Food tech startup Eat Just announced that, after a rigorous consultation and review process, its cultured chicken has been approved for sale in Singapore as an ingredient in chicken bites. The company has developed other cultured chicken formats that will be an extension to this product line.

The first-in-the-world regulatory allowance of real, high-quality meat created directly from animal cells for safe human consumption paves the way for a forthcoming small-scale commercial launch in Singapore of Eat Just’s new GOOD Meat brand. The meat, which will be sold in the form of chicken nuggets, will be priced at high-quality chicken when it first launches at a Singapore restaurant “in the near future,” said co-founder and CEO Josh Tetrick.

This breakthrough for the global food industry builds on Singapore’s reputation as a world leader in business, technology, and culinary innovation. It underscores the country’s dedication to enterprising solutions that advance environmental stewardship.

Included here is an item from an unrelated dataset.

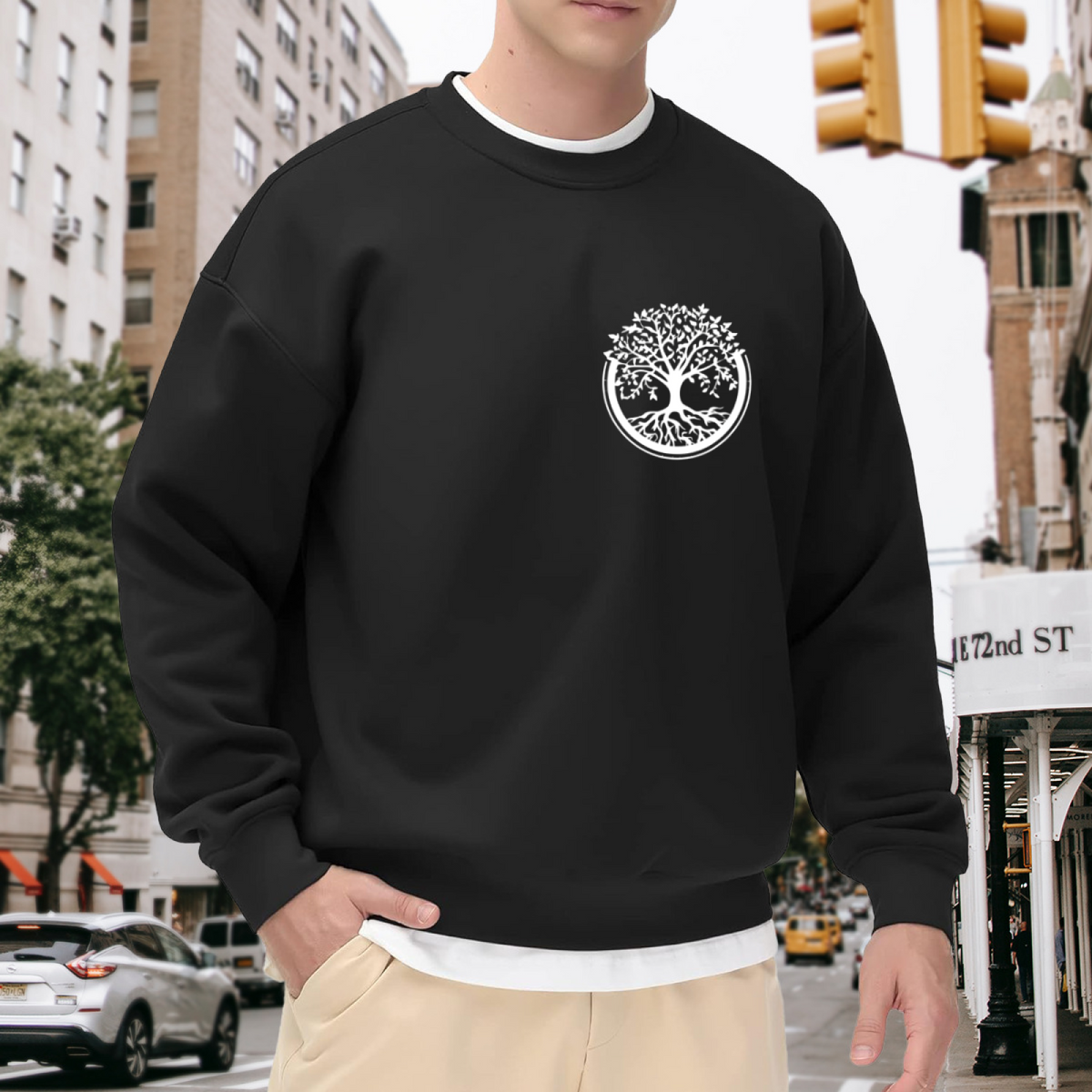 Minimal Tree Of Life Small Chest Print Crewneck Sweatshirt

GOOD Meat Cultured Chicken on a grill.
GOOD Meat Cultured Chicken on a grill. Credit: Eat Just

The startup claims that its product is healthier and more sustainable than chicken meat and that its scientists and experts have worked for months to prepare documentation on the production process. Eat Just also announced a plan to build and operate a production facility in Singapore to meet its product’s demand.

“This is a breakthrough for the global food industry,” Eat Just said in a statement today, as many companies look for ways to produce meat with less impact on the environment.

Meat consumption is expected to increase by 70% by 2050, according to the company, at a time when scientists warn that this trend is one of the main drivers of climate change. Major public health crises have been linked to patterns of conventional meat consumption; hence, safer, more efficient, and less environmentally harmful ways of producing meat are urgently required to satisfy growing consumer demand.

Eat Just, based in San Francisco, is also in talks with US authorities to approve the sale of lab-grown chicken.

Dozens of startups worldwide are working on plans to create artificial meat, but production has so far remained in the experimental stage.